The truth is, I agree with the essential grain of truth at the nub, that children should make their own way, and build wealth on their own. But this article is little more than a Boomeresque self tongue bathing. Ok, Angie, you are not leaving the buck ninety you have in savings to your kids. What are you doing on the positive side to help them build the habits, the skills, and the necessary tools to build their own wealth? Crickets chirping.
Nothing, apparently. No, this is one of those creepy self tongue bathing articles which is some sort of weird virtue signaling from our intrepid correspondent.
The other shoe: Children should be independent, should have a clear understanding of what that means, and have the tools to attain their end financial goals.
With my children, I strongly exhorted them to work by age 16, and incentivized them by providing a car, and auto insurance, but gas and basic maintenance was on their dime. Adulthood starts with small, increasing steps.
Both Maddogsson, and Maddogsdatir rose to the occasion, and found remunerative employment. They integrated work, school, and activities allowing them to develop valuable skills, in work, interpersonal skills, and time/schedule management. Plus, now they had their own spending cash.
Step 2 was teaching them that they had to save some of the money, while I am willing to help them with college payments (these are absurdly high, and even high earners like I was during college cannot make ends meet anymore. I made an average middle class income for the 15 weeks I worked each summer/christmas, about $14,500 in todays dollars). They will need to save some money for college. Maddogsson has paid all but a fairly small amount of his college so far. Maddogsdatir is 2 years away from college yet.

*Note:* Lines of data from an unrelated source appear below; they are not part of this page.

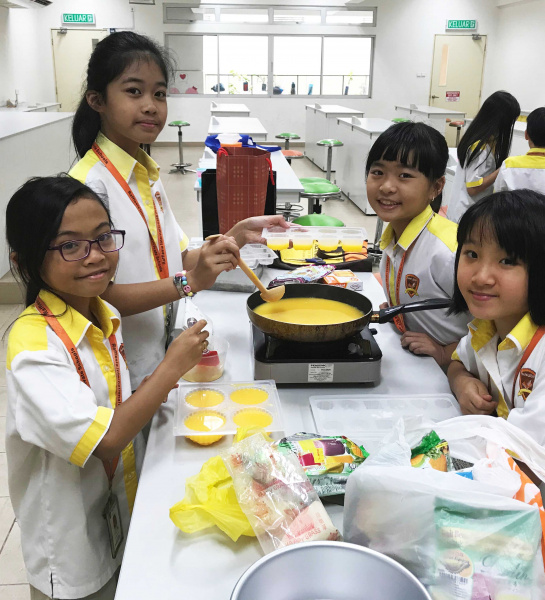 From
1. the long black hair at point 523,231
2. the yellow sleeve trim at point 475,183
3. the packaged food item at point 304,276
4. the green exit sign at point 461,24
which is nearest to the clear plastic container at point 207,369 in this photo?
the packaged food item at point 304,276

The other thing I did was to help them understand the necessity of building the habit of saving for future events like retirement, health care, and emergencies. I am very fortunate, and my condition is not average, but what I did was provide each child with a 75%-100% match towards an IRA payment while in high school, then a 50% match for a few years after. This lets them see how money grows, it teaches them to invest, and it allows them to get on their feet with other savings at the same time.
Both have become willing savers, and have a significant nest egg which places them in the top 1% of savers in the Millennial age group. If they continue with this they will have a very large, and secure nest egg for the future.
Angie's grain of an idea may be fine, but without the essential instruction on how to build wealth, and invest assets the "You're not getting anything from me" statement is dangerous, and difficult to see how it works out well.
This does not require 100% matching on an IRA, it doesn't require any matching, although to the extent possible this would be helpful, it requires a mature adult helping the child navigate the difficulties of investing, and a steady hand showing them the value of doing so. Hopefully our intrepid correspondent is following this path.